= RECORDED DATA =

·····

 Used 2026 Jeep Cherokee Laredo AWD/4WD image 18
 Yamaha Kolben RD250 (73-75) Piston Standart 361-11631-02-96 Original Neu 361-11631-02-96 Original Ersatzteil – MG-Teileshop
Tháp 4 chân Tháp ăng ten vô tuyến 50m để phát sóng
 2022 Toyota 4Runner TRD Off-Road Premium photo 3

·····

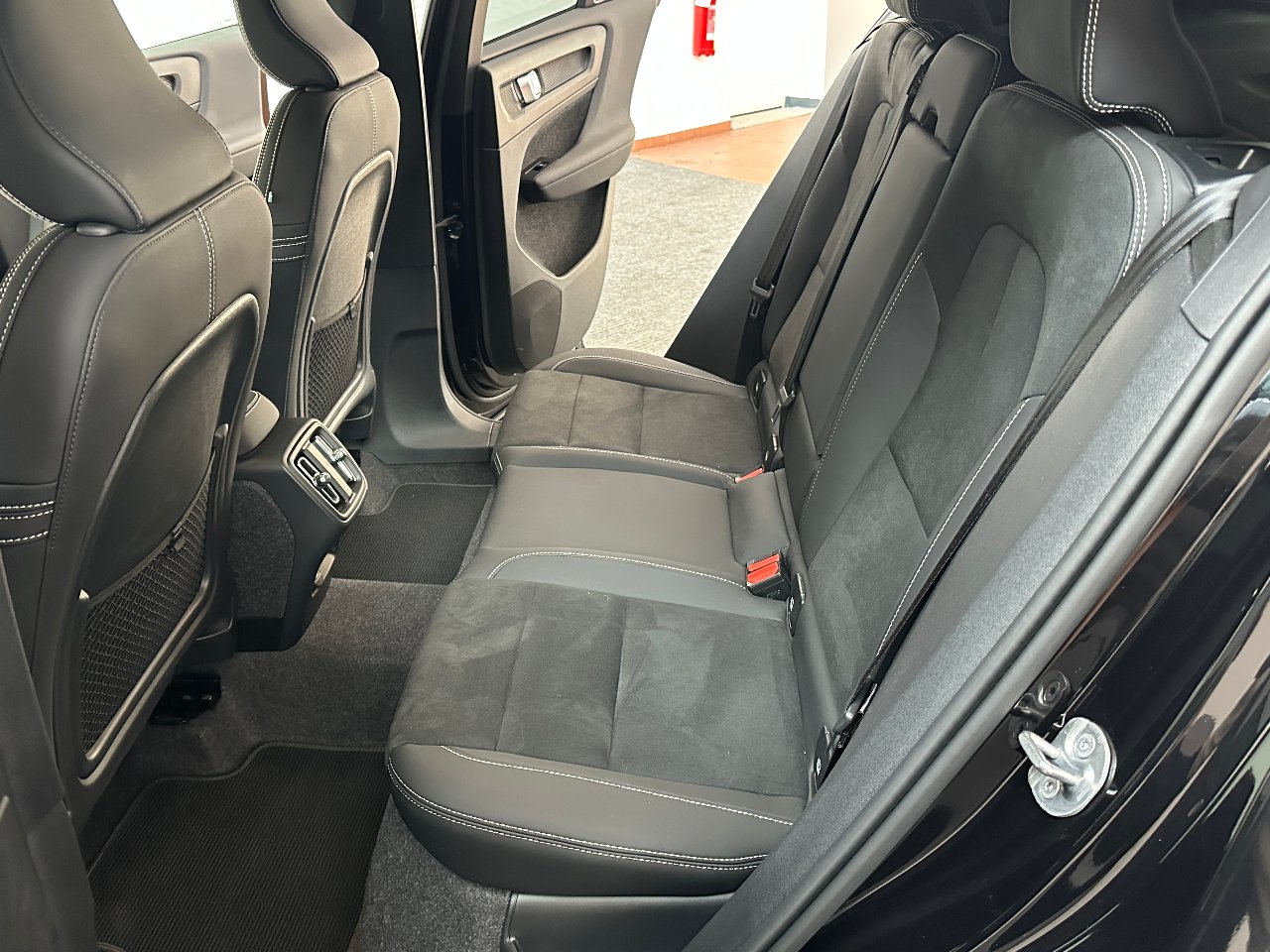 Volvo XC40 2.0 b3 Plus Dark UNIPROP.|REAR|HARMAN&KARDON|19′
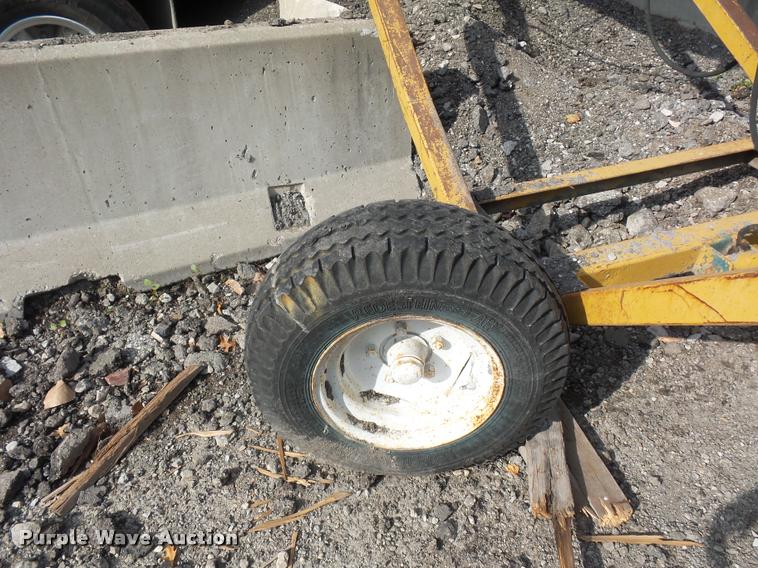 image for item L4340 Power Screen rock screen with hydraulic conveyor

·····

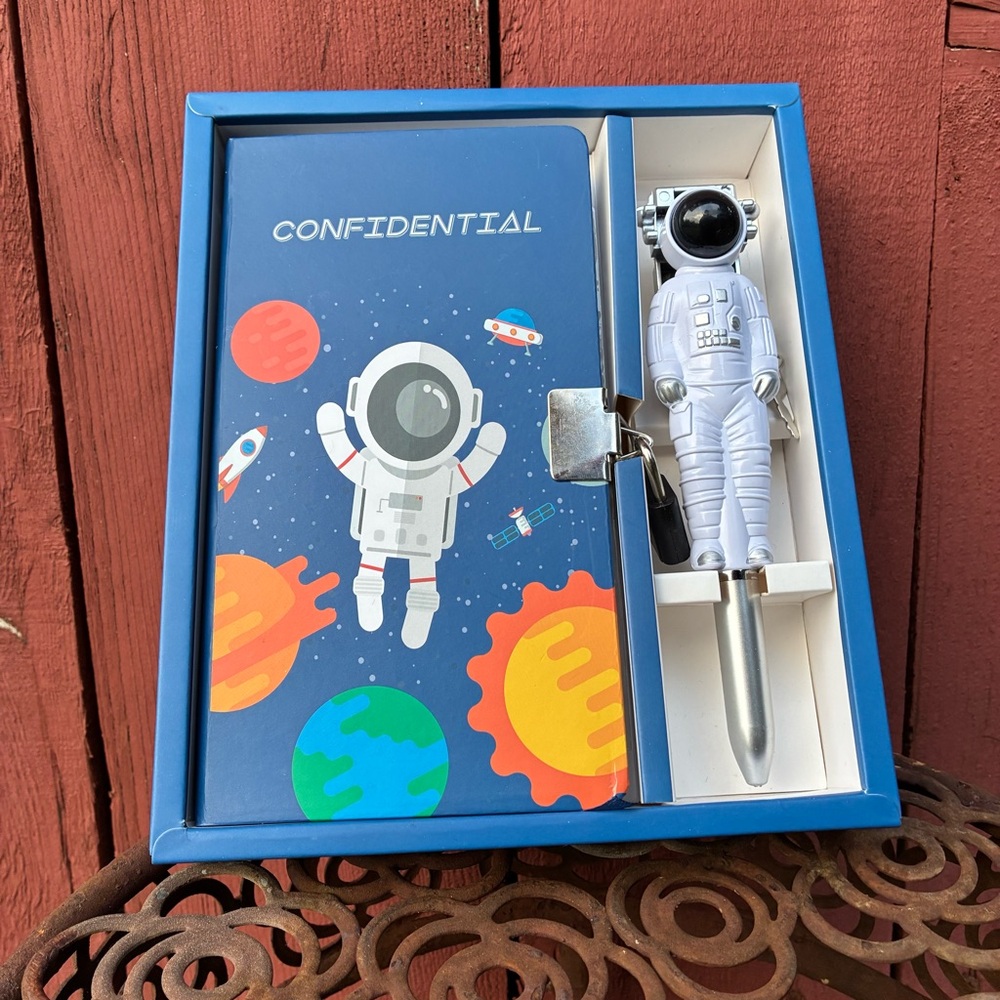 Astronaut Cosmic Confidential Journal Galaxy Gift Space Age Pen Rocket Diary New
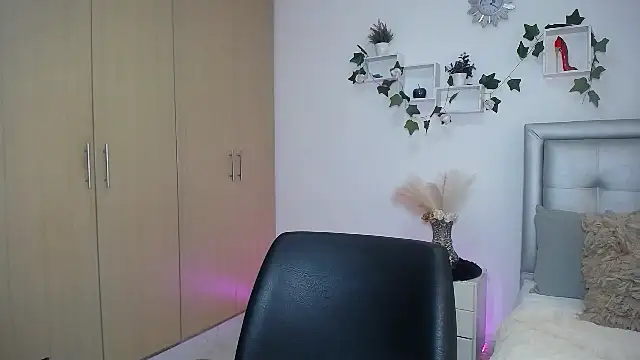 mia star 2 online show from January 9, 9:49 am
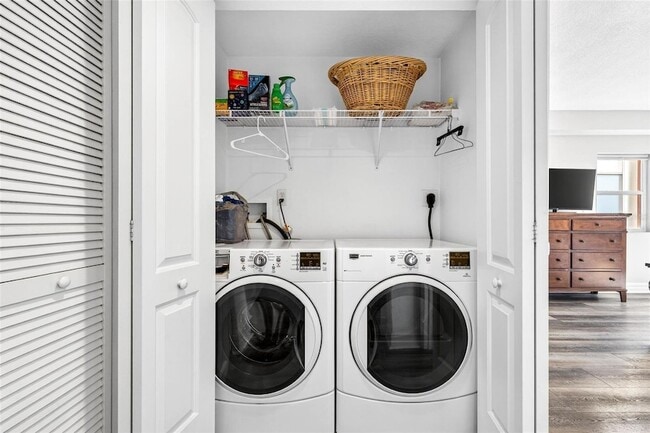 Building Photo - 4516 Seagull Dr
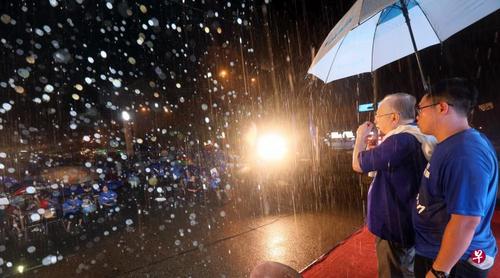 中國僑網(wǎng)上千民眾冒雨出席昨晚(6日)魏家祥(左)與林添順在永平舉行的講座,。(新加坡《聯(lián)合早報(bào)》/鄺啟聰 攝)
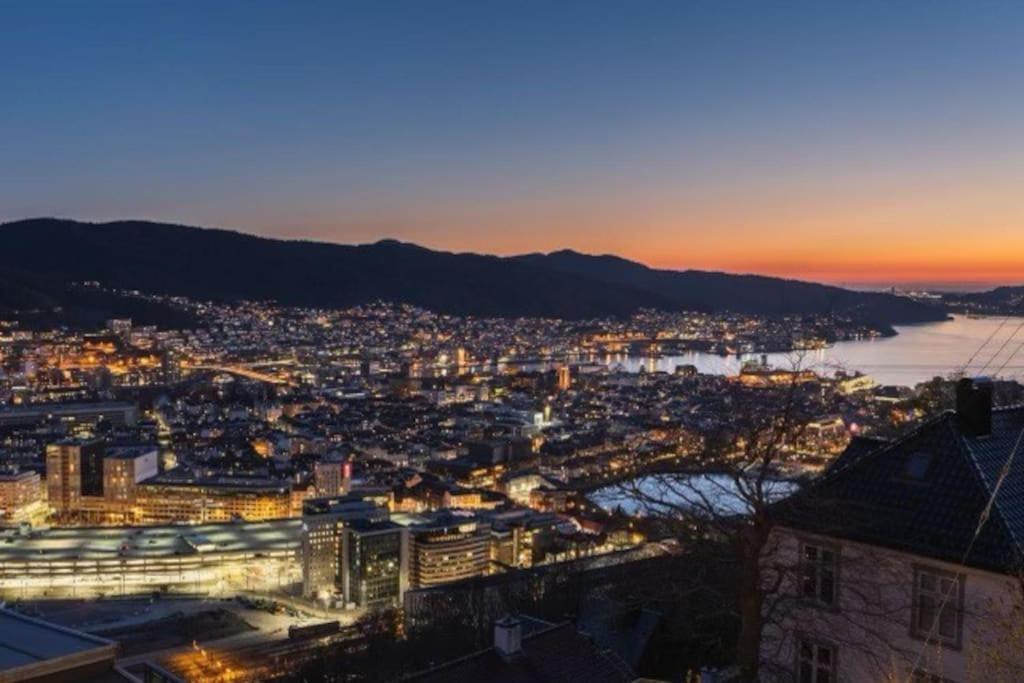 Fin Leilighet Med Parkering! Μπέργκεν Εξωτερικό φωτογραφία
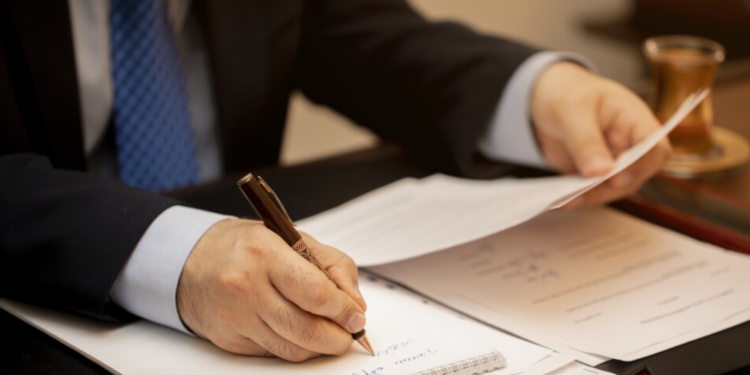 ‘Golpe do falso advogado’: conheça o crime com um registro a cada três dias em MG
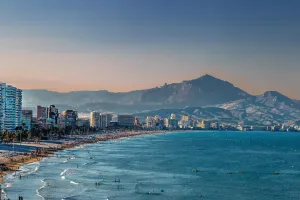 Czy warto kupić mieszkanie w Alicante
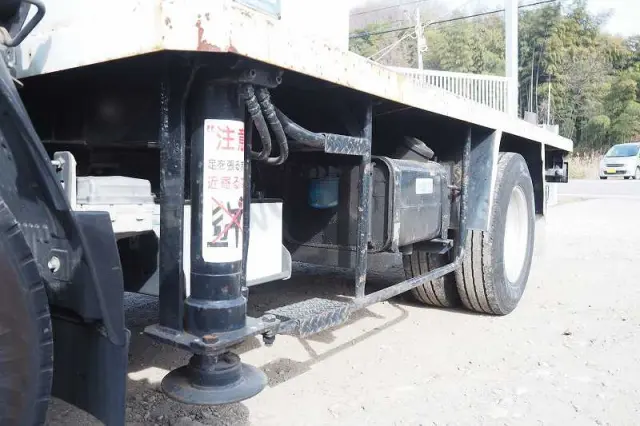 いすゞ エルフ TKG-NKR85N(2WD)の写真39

·····

= PROBLEM REQUIREMENTS =
Excluding any pictures, print exactly the lines of the listing above from the line with "Fin Leilighet Med" to the line with "いすゞ エルフ TKG-NKR85N(2WD)の写真39", both ends included.

= WRITTEN RESPONSE =
 Fin Leilighet Med Parkering! Μπέργκεν Εξωτερικό φωτογραφία
 ‘Golpe do falso advogado’: conheça o crime com um registro a cada três dias em MG
 Czy warto kupić mieszkanie w Alicante
 いすゞ エルフ TKG-NKR85N(2WD)の写真39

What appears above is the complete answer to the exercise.